Solomon Islands is richly blessed with the abundant supply of youths, they make up more than half the population. Sadly enough most of them are under-utilised because of lack of training opportunities.
Government is left with a challenge to find ways to provide them with the “Know How” training to address the ongoing unemployment rate in the country.
Solomon Islands is fortunate to have hosted the Commonwealth Youth Programme (CYP). A CYP task is to allow youths to be empowered in their own capacity to be leaders, make wise decision or embark on a project to help themselves.
CYP intern Matthew Albert explains:
“Young people taking control of their lives and enabling themselves to earn an income is the dream of many youth developmental organisations - including CYP,” Mr Albert said. Mr Albert is from Australia and is currently worked at the CYP, Panatina.
Mr Albert added CYP is always interested to know about any project or effort by youths in the country. Therefore, he said the CYP South Pacific Centre was very interested when it learnt of a youth initiative in North Malaita. This initiative is rural-based and involved young people helping themselves through the support of a local non-government organisation.
According to Mr Albert, Malaita has a “youth bulge” just like other Solomon Islands provinces. “It is home to almost double the number of people aged 15–29 than Honiara, giving it the province with the largest number of people in this age group in the Solomon Islands.”
CYP South Pacific Centre had heard of the North Malaita youth initiative from its youth leader, Redly Ramo. After initial meetings in Honiara, a CYP delegation made up of programme manager, Paul Peteru and Mr Albert visited the project. Like many youths, Mr Ramo was enjoying life in Honiara, but things have not turned out well for his life. As a young man his future was uncertain because there was nothing he could to make life more interesting. Mr Ramo left the city lights of Honiara in 2004 for Fulifo’oe, his father’s home village in North Malaita.
“Ramo, now married with two children had plans, dreams and enthusiasm targeted at involving young men and women in his community to engage in development activities,” Mr Albert said.
Since his return to the village, Mr Ramo has been working hard to fulfil his plans making a U turn to his life. Today, this sees the existence of the Uttermost Rural Development Foundation (URDF), the rural-based youth organisation established by him at Fulifo’oe.
URDF offers various activities, opportunities and assistance for the young people in his area. The URDF currently involves two major projects. The first is the Gwaunakwaru Cocoa Nursery, one of only two established nurseries in Solomon Islands. It provides free cocoa seedlings to young farmers across North Malaita. It aims to support young rural farmers to produce and plant 100,000 cocoa seedlings each year.

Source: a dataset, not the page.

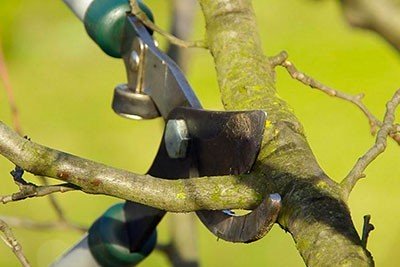 taille d'arbres par un paysagiste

North Malaita has recently contributed about 10 per cent of the country’s national cocoa production.
The other major URDF project is its Savings Club, which is a micro-finance scheme that now has a membership of 20. Like the cocoa nursery, this club also aims to support young people who want to help themselves. The Savings Club provides an opportunity for members to pay their savings from income-generating projects into a central fund with a view to securing and increasing their savings, and obtaining loans. A similar initiative is also operating for 62 members of nearby Fanumusi Youth Association.
The proposed ANZ mobile bank service, Bank Blo Evriwan in the North Malaita area, will not only enhance the efforts of the URDF members to save their hard earned money, but will also enable young people of North Malaita to get into the positive culture of saving.
Mr Ramo’s work, like the work of social entrepreneurs the world over is focused upon building financial, social and communal resources. But the entrepreneurial works for the young people of North Malaita are about more than that. The activities embody, what Mr Peteru noted as the primary focus of the Commonwealth Secretariat, “respect and understanding”.
“Through Ramo’s entrepreneurial enterprises, the young people of North Malaita are demonstrating that this is not only what they are working for, it is what they deserve,” Mr Albert said.
“They are the beneficiaries of one of a growing number of social entrepreneurs in the Solomon Islands.”
No youth initiative is complete without sports and recreation. The CYP delegates were special guests of the first Independence Day soccer tournament in Malu’u organised by the North Malaita Football Association. They witnessed soccer displayed by 10 ‘under sixteen’ teams drawn from surrounding villages with the winning team receiving the first prize from Moffat Konofilia of PNG’s Sobou Football Club.
The visit was conducted in July 10-11 for two days and it was a success, Mr Albert told Toktaem yesterday.
“We are pleased with the work being made by Mr Ramo in his own area to help the youths,” the Australian said. He said there are many youths like Mr Ramo who are embarking on similar initiatives around the country. “Mr Ramo is only one of these many youths who have worked hard to make their own success story,” he said.